In light of the controversies surrounding the elevation of high court judges by the Supreme Court Collegium, I analyse the collegium’s current recommendations and demonstrate its inability to ensure fair representation of all high courts in the top court benches and judges from marginalised castes.

The Supreme Court has a sanctioned strength of 34 judges, but only 29 currently share the caseload. As per reports, Chief Justice of India U.U. Lalit tried initiating the process for the elevation of three judges — Punjab and Haryana High Court Chief Justice Ravi Shankar Jha, Patna High Court Chief Justice Sanjay Karol, and Manipur High Court Chief Justice P. V. Sanjay Kumar — and senior advocate K.V. Viswanathan.

The process adopted for their elevation has run into a controversy, with two collegium members objecting to the CJI’s attempt to get written consent for four names proposed for elevation instead of considering them in a formal meeting. However, an analysis of the considered names brings back into focus the other limitations of the collegium system in ensuring adequate representation of judges from all high courts in the Supreme Court.

Criterion on appointment of judges   

The criterion for appointing judges in the Supreme Court is enshrined in Article 124 of the Constitution. To implement it, the Government of India (GoI) follows a memorandum of procedure. Besides this, some informal criteria are also adopted. “When judges are appointed to the Supreme Court, there are some factors that are kept in mind. One of them is regional representation; they try to ensure different high courts are represented. Second is seniority, knowledge of law, competence, and definitely, the reputation the judge has earned over the years,” Justice Indira Banerjee, who was part of the collegium, said in a recent interview after her retirement.

Several other judges have reiterated similar points time and again. It is difficult to test the knowledge of the law, competence, and reputation of recommended judges. But testing them on the parameters of regional representation as well as seniority is easier now since the central government’s Department of Justice releases monthly data on apex court and high court judges. I use the data below to test whether recently recommended judges fulfil these two criteria.

Representation of high courts in Supreme Court benches

Out of the 29 judges in the Supreme Court, 27 have been elevated from high courts. The remaining two — CJI Lalit and Justice P. Sri Narsimha — have been directly elevated from the bar of the apex court. As per the data released on 1 October, analysed in Table 1, out of 25 high courts, only 13 are represented in Supreme Court benches. The Allahabad High Court has the highest sanctioned strength of judges (160) in the country, but only two of its judges are represented at the Supreme Court benches. The high courts of Delhi, Mumbai, Gujarat, and Karnataka hold greater representation. Representation here mainly means the parent high court of the judge, defined on the basis of initial appointment.

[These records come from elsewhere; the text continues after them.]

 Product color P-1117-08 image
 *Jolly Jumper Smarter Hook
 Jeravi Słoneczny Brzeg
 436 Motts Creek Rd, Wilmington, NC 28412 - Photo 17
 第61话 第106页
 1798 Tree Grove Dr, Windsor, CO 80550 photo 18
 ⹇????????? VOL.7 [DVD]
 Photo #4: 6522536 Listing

Data by author | Graphics by Manisha Yadav/ThePrint
Data by author | Graphics by Manisha Yadav/ThePrint

High courts without any representation in the Supreme Court—Patna, Telangana, Odisha, and Andhra Pradesh—are all quite big in their strength. Their representation in the top bench cannot be ignored easily.

Also read: 18 judges’ posts to fall vacant in 2 yrs, SC collegium led by next CJI Chandrachud has task cut out

Testing collegium recommendations

The Supreme Court Collegium, under CJI Lalit, first made a recommendation for the elevation of Bombay High Court Chief Justice Dipankar Datta to the apex court. The parent high court of Justice Datta is the Calcutta High Court, which already has one judge representing it in the top court—Justice Aniruddha Bose. So, while making this recommendation, the collegium ignored the lack of representation of the high courts of Patna, Telangana, Odisha, and Andhra Pradesh. In its second recommendation of four judges, the collegium incorporated the names of Justice P.V. Sanjay Kumar whose parent high court is Telangana High Court, but it ignored the rest of the three high courts.

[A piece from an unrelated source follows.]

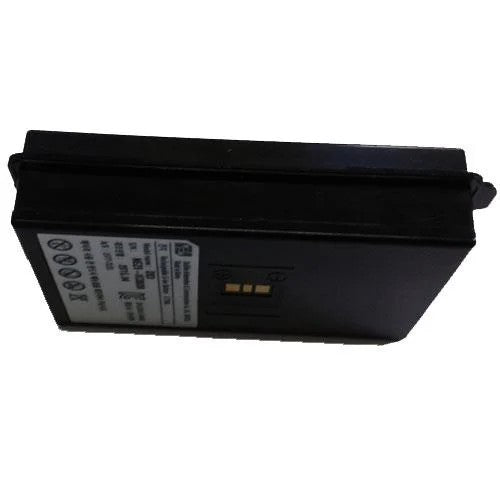 DSIC DS3 3.7V 4400 mAh Li-ion El Terminal Bataryası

Instead of ensuring representation of these high courts, the CJI has proposed the elevation of Justice Ravi Shankar Jha and Justice Sanjay Karol whose parent high courts are Madhya Pradesh and Himachal Pradesh respectively. The former already does have one representation in the Supreme Court but the latter does not have any representation but it is a relatively smaller high court. Among all high court judges, Justice Ravi Shankar Jha is the most senior since he was initially appointed in 2005. His recommendation, therefore, seems to be a reward of seniority. The recommendation for Justice Sanjay Karol, though, meets representation criteria since his parent high court (Himachal Pradesh) is not currently represented in the apex court bench but has a relatively lower strength of judges when compared to the high courts of Patna, Odisha, Andhra Pradesh, and Chhattisgarh.

Curious case of overlooking two Justices 

If we combine the criteria of regional representation and seniority, Tripura High Court Chief Justice Indrajit Mohanti, who hails from Orissa High Court, should have found a spot in the list of recommendations. He is senior to Justice Sanjay Karol, and his parent high court is also unrepresented. Similarly, Jharkhand High Court Chief Justice Ravi Ranjan, from Patna High Court, should have also figured in the list if the collegium wants to ensure representation of the Patna High Court in the apex court. Justice Navin Sinha was the last judge from Patna High Court who retired more than a year ago. Justice Ravi Ranjan is scheduled to retire in December 2022, and all other judges of Patna High Court are relatively junior, which effectively means that ignoring Justice Ranjan would mean a long wait for Patna High Court to be represented in the Supreme Court bench.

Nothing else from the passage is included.